Let me explain. My family has dwindled down to barely nothing over the years. The life sucker well I do love her and I do want her in my life but she makes it very hard. I am trying to live in the moment. I am trying to find all things positive in life and really work at being happy. I have had more than my fair share of tears. Enough already!
I need positivity in my life. Struggling through bouts of suicidal thoughts, severe depression *(i just want to stay in my bed with the covers pulled up sadness and never leave)*, panic attacks, the loss of both my parents and cutting I really am ready to finally be happy.
No this person wasn't there for me when I needed her in the sense to listen and offer a shoulder. She wasn't there when I cut myself and called the suicide hot line in the middle of the night hoping to just have someone not only listen but understand and she isn't the one who calls me and asks me if I'm ok on the anniversary days or anything to have to do with my parents.
She's there for me when she wants to go out and needs a partner in crime. She is there for me when her daughters need me. She is there for me when she needs me to do something for her. She is there for me when she feels it necessary to tell me that I am no longer fun because of all the meds I was on and that I stopped smoking and didn't care to drink and because the ordinary would set me off into a panic attack and when the meds and meditation and trips to the emergency room didn't stop them the cutting did.

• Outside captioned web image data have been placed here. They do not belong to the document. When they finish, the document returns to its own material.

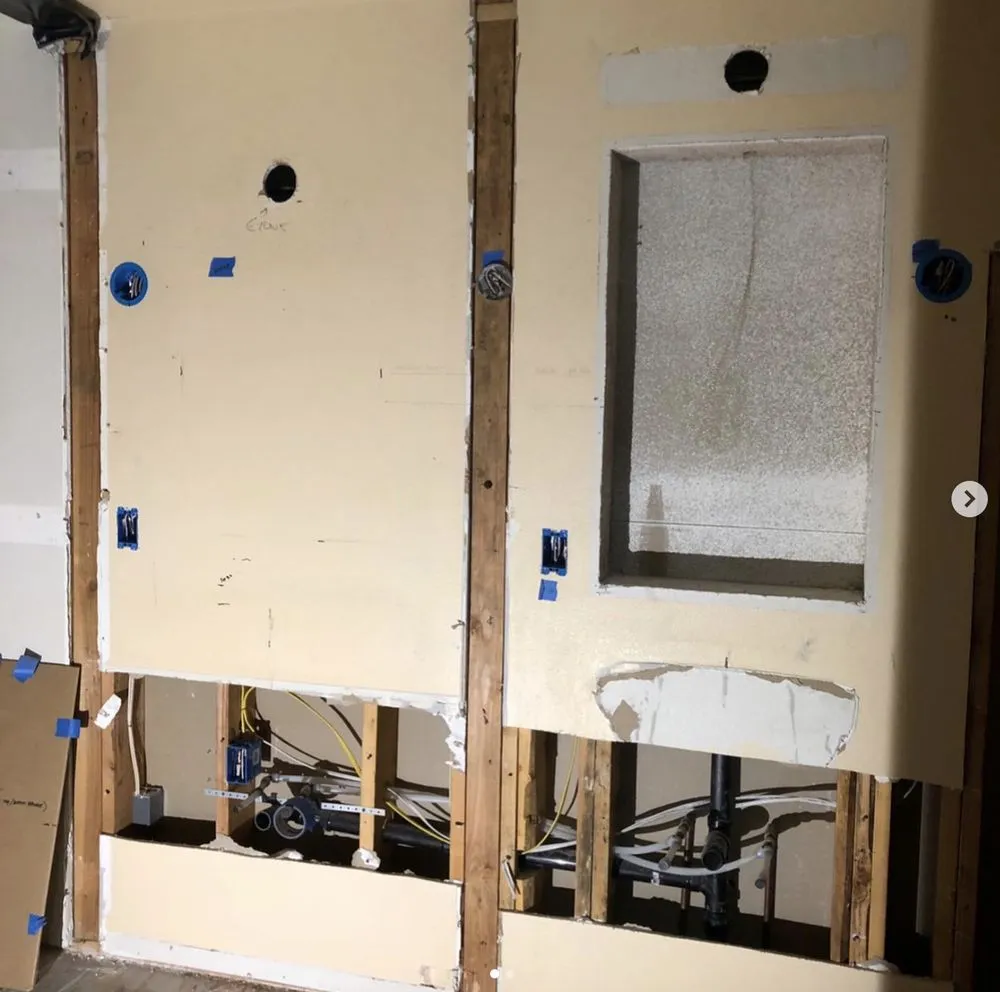 Slide of Everlit Electric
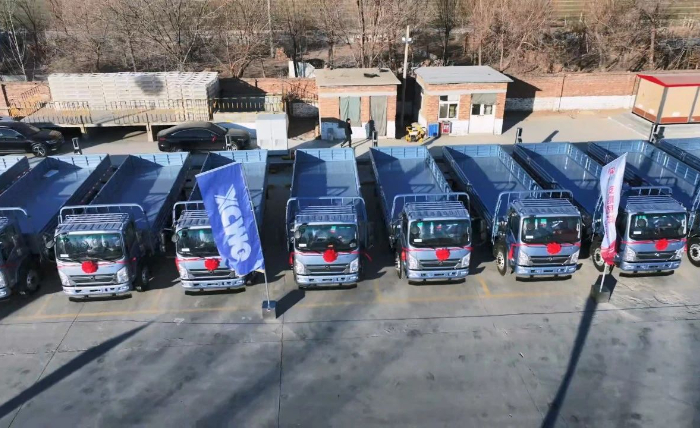 云顶集团轻卡新能源运输车批量交付山东客户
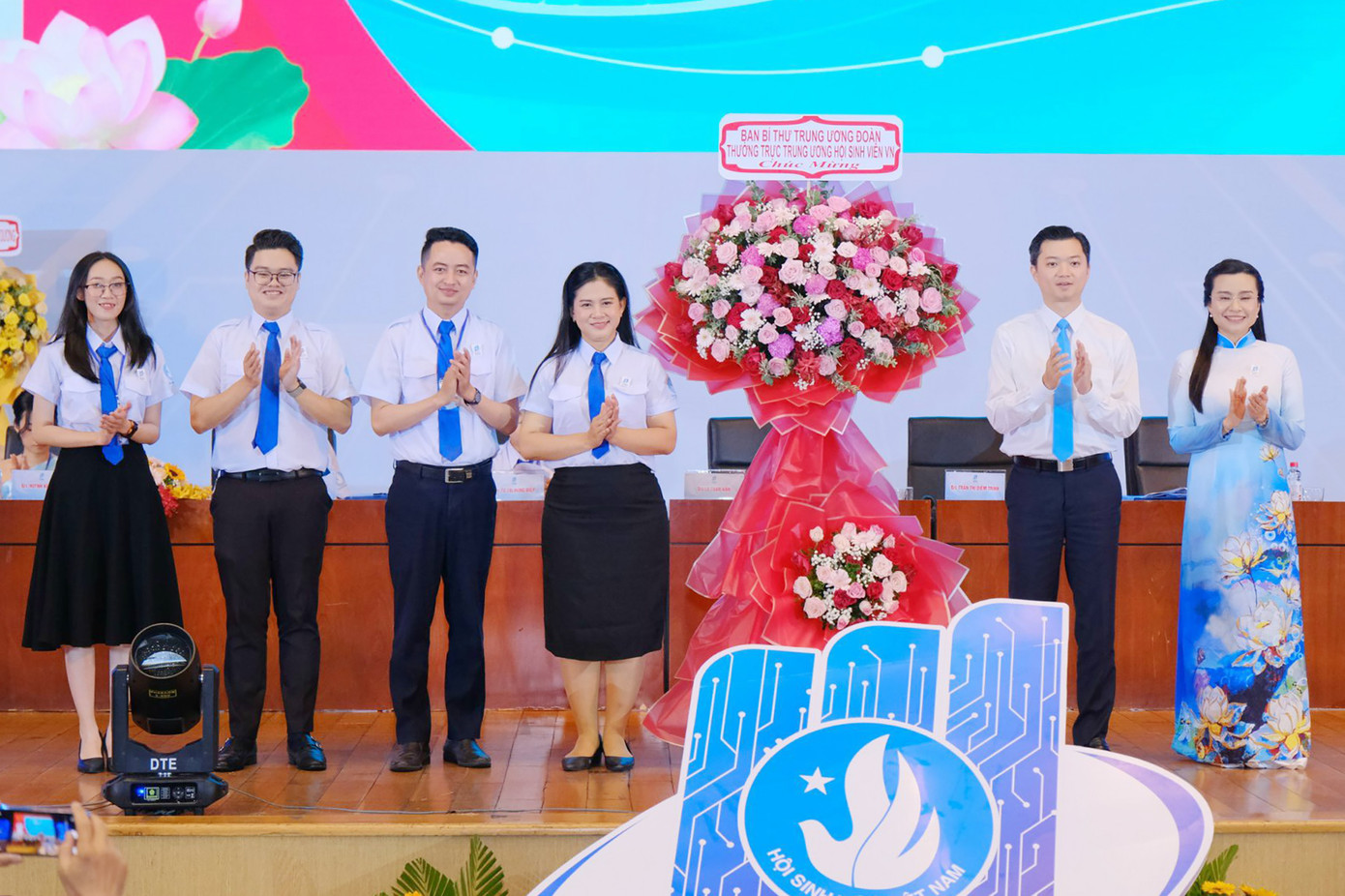 Ban Bí thư T.Ư Đoàn, thường trực T.Ư Hội Sinh viên Việt Nam tặng hoa chúc mừng Đại hội.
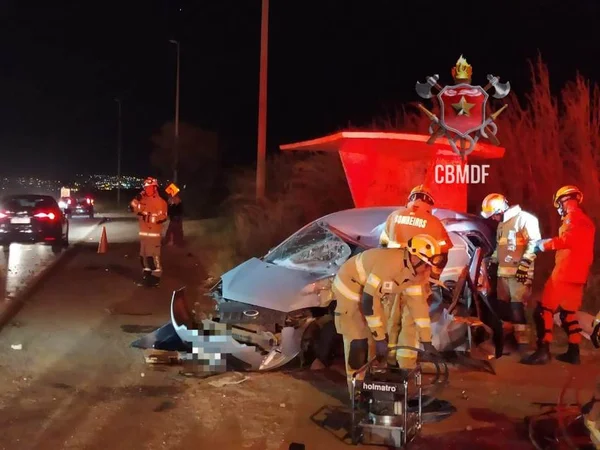 Motorista de 52 anos morre na DF-180 após colisão frontal com ônibus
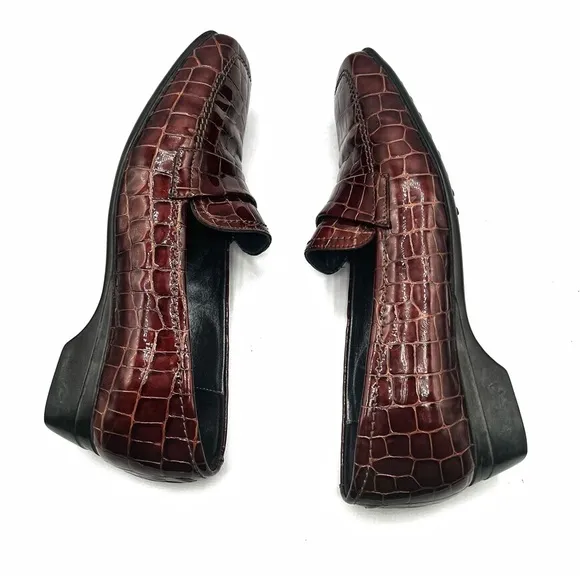 La Canadienne  Croc-Embossed Patent Leather LoafersSz 6.5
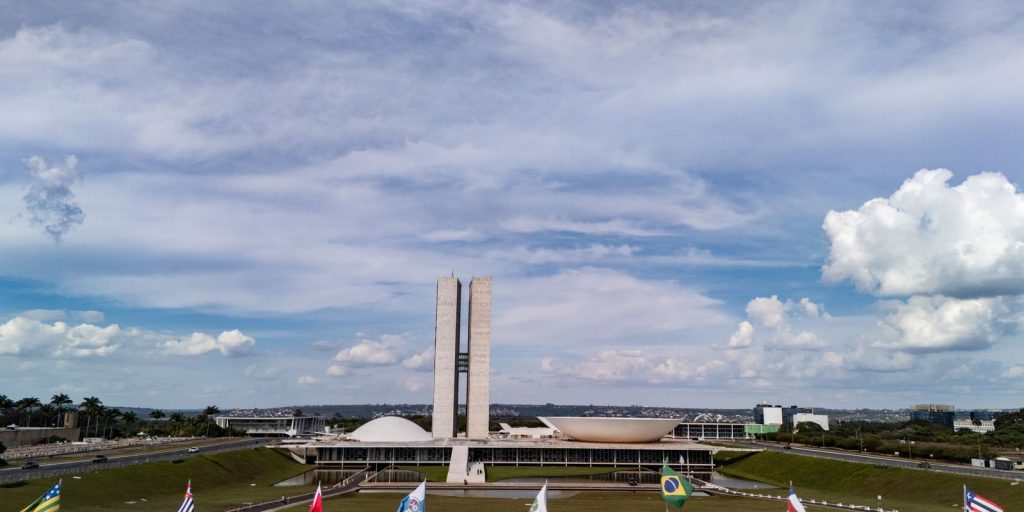 Congresso retoma trabalhos sem votações em plenário e com agenda restrita até as eleições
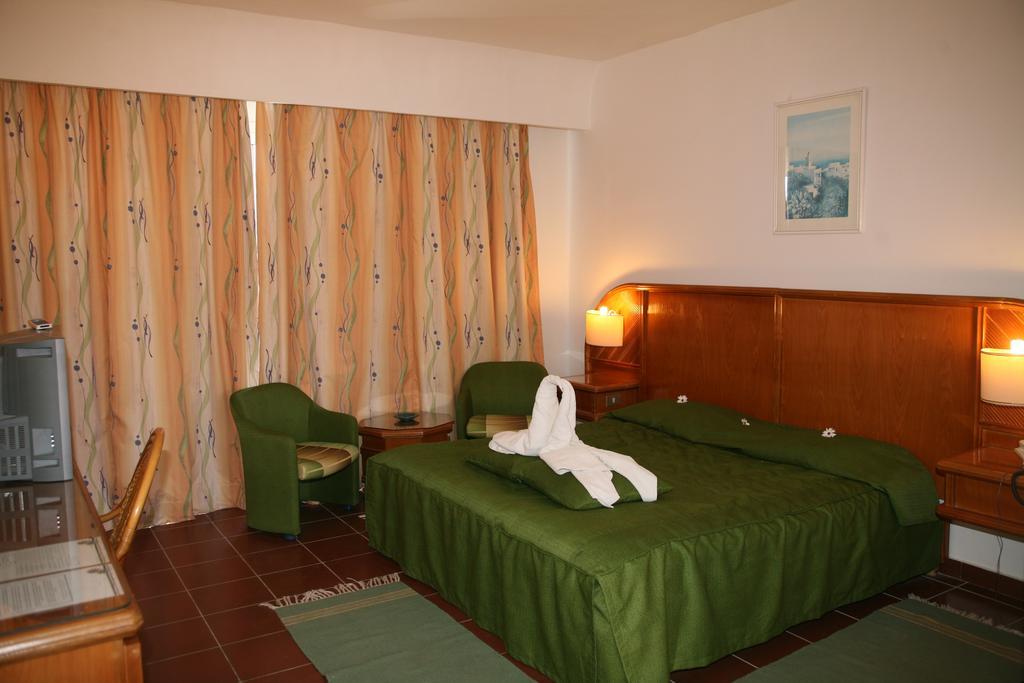 Hammamet Regency Hotel Room photo
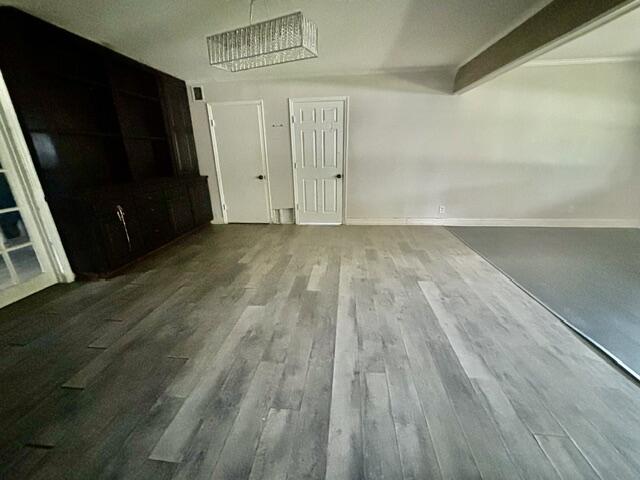 2733 Yale Avenue Property Photo 3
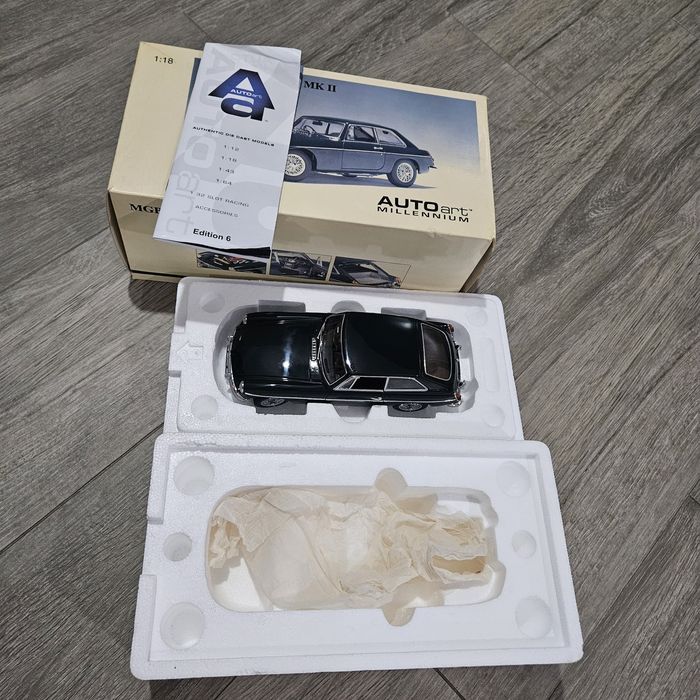Macheta Auto Colectie 1/18 AUTOart MGB GT COUPE MK II Nicolae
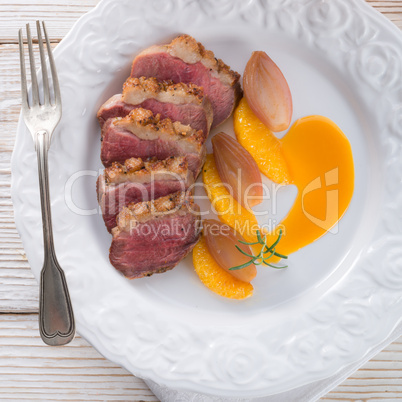 goose's fillet with orange sherry sauce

Why is she in my life? I don't have many female friends less family members. I can count on one hand minus three fingers. Sometimes you need a girlfriend. A friend. Someone just to listen. Sure you want someone compassionate and understanding and positive but sometimes you have to take what you can get too. Don't you?
Anyway my personal favorite as of late, she feels that because *(she's a single mom, @ 42 impregnated by a stranger more or less after raising a 20 year old with the help of the village myself included)* her Mom has left to go back home, I am the go to girl for the twins. Don't get me wrong, I love the twins. I am not there Mother and I don't want to be. I don't want to spend all my time off and my hours after work taking care of them so she can get a break. She didn't ask me, she told me. She doesn't even appreciate it. Unless you're giving money to help it doesn't count and even than, you're only as good as your last gift. Did I mention she choose her childhood friend who lives overseas and is not in the girls lives to be the Godparent? Ok..
I feel good getting this out of me. I don't know what I am going to do because our entire relationship is based on me being passive aggressive because really, what do I say? Asking her if she is F~ing out of her mind just doesn't seem to be the right thing to do. Or is it? I just don't know what to say or do?
Things I am happy about today: :)
- my house being absolutely clean
- not having to cook *yeah take out*
- my friend surprising me with a visit this morning
- my headache finally going away
- the sun actually shining after a week of rain
- my other friend giving me my favorite perfume *Hermes le jardin de Mediterranean* because I said it's my favorite
- going out Friday night and actually having fun even though I felt a wee bit nervous because the people who invited me I don't know all that well and my friend coming with me so I wasn't alone
- making my co-workers happy on Friday with a box of munchkins...just because
- my brother cleaning the bathroom *(ick!)*
- and the possibility of a possibility!